» **Provided data**:
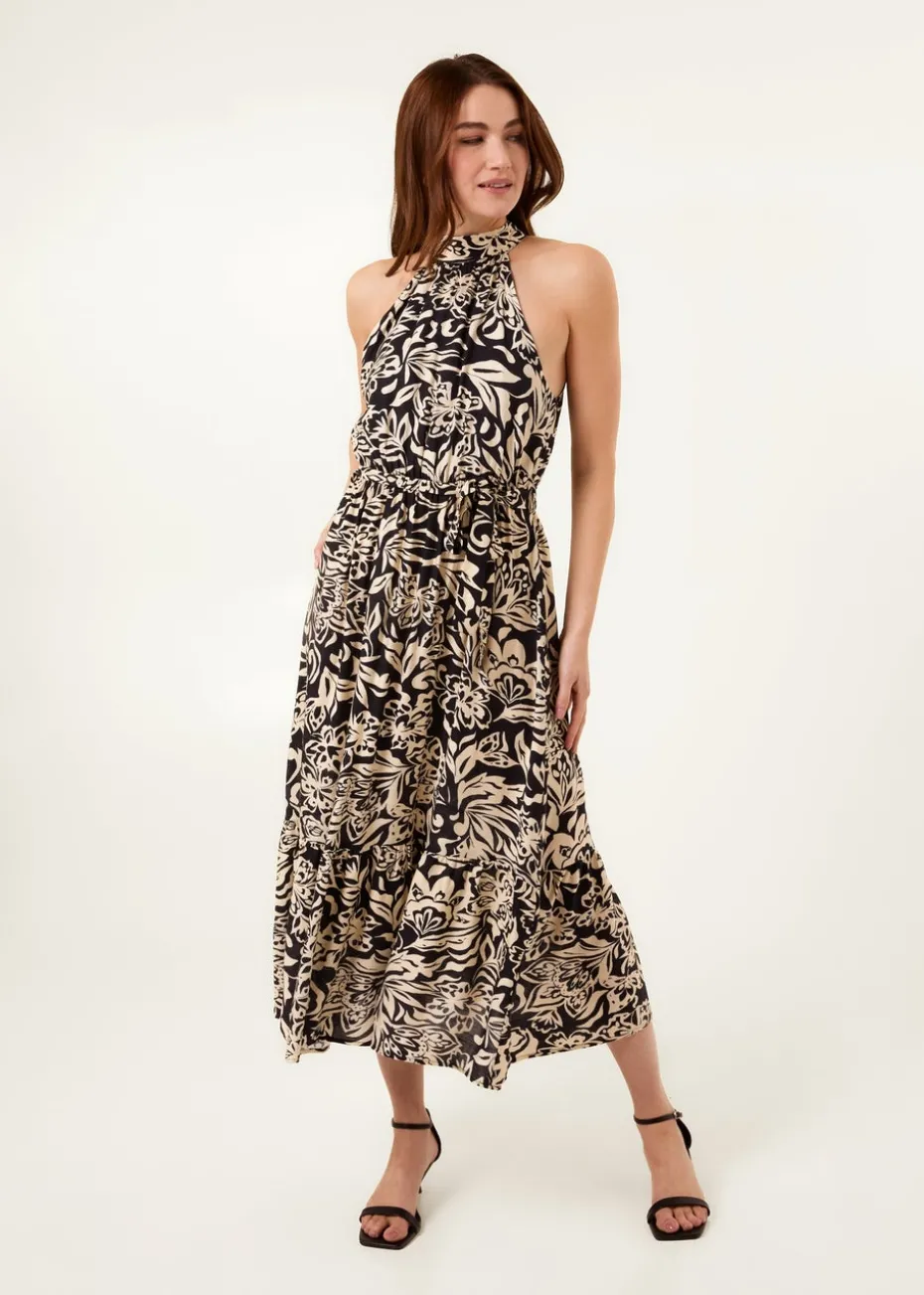 Blue Vanilla Navy Tropical Print Halter Neck Belted Waist Midi Dress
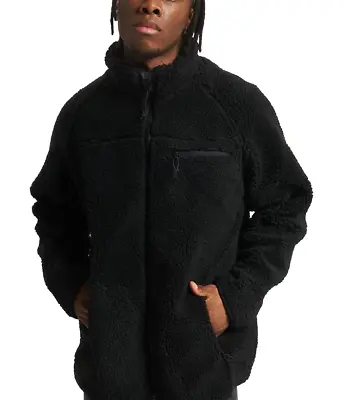 Buy Brandit Men's Teddyfleece Jacket Full Zip Black RRP £75 Size Small Oversized • 31.49£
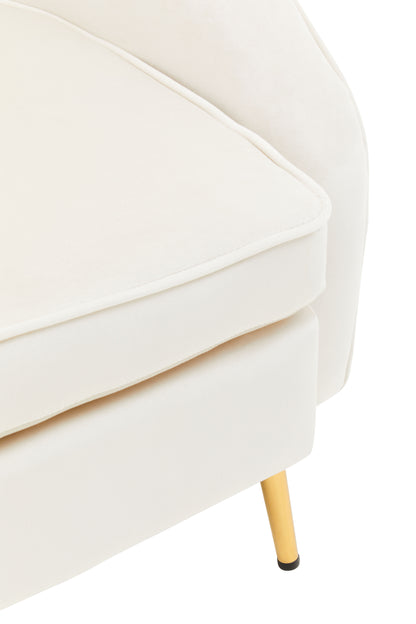 Jasmeen Beige Velvet Armchair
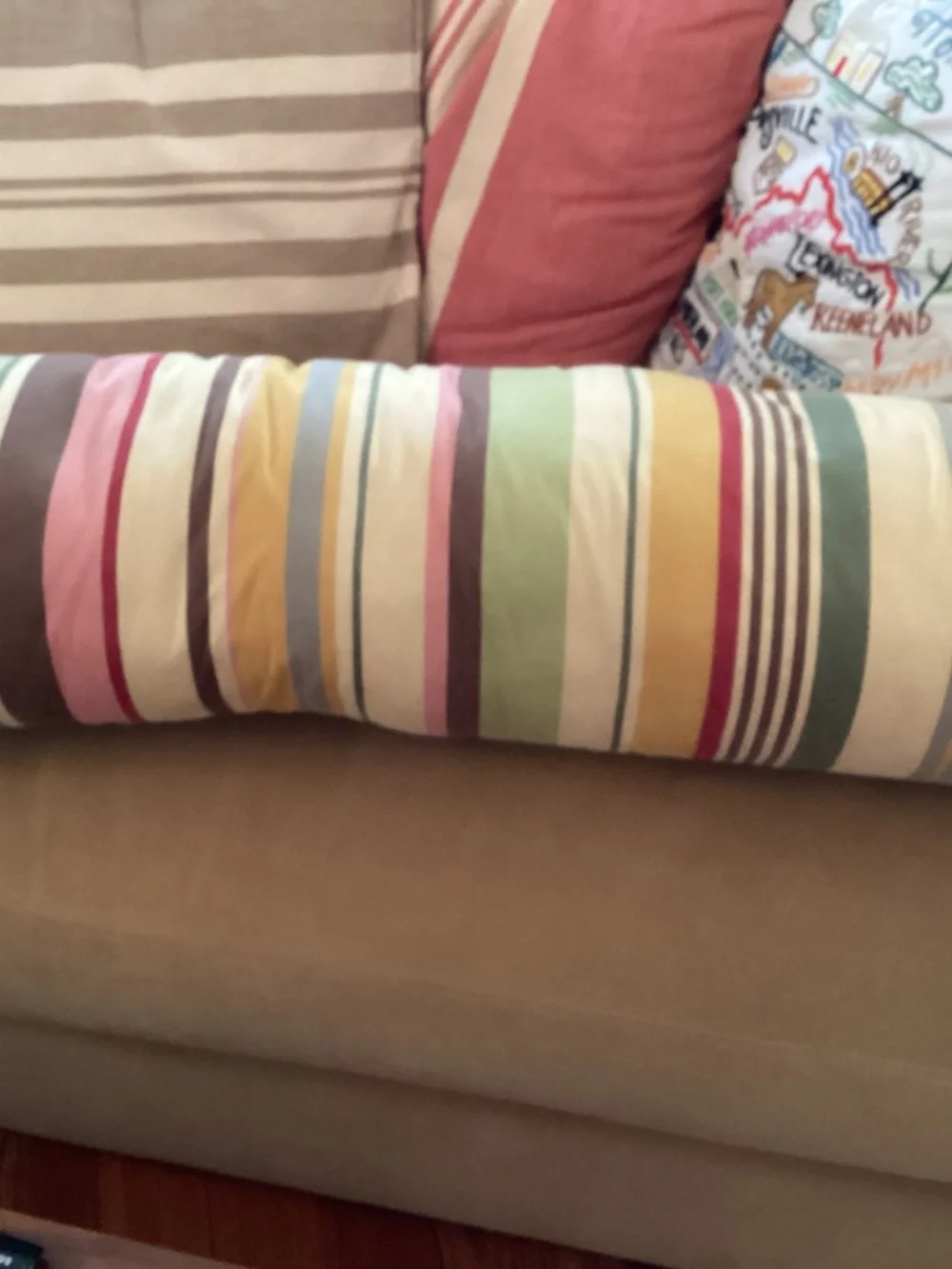 Pottery barn Duncan striped bolster great shape!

» **Work request**: Starting with the line that holds "Jasmeen Beige Velvet Armchair", repeat exactly every line through the end of the material above, both ends included, without the pictures.

» **Written reply**:
 Jasmeen Beige Velvet Armchair
 Pottery barn Duncan striped bolster great shape!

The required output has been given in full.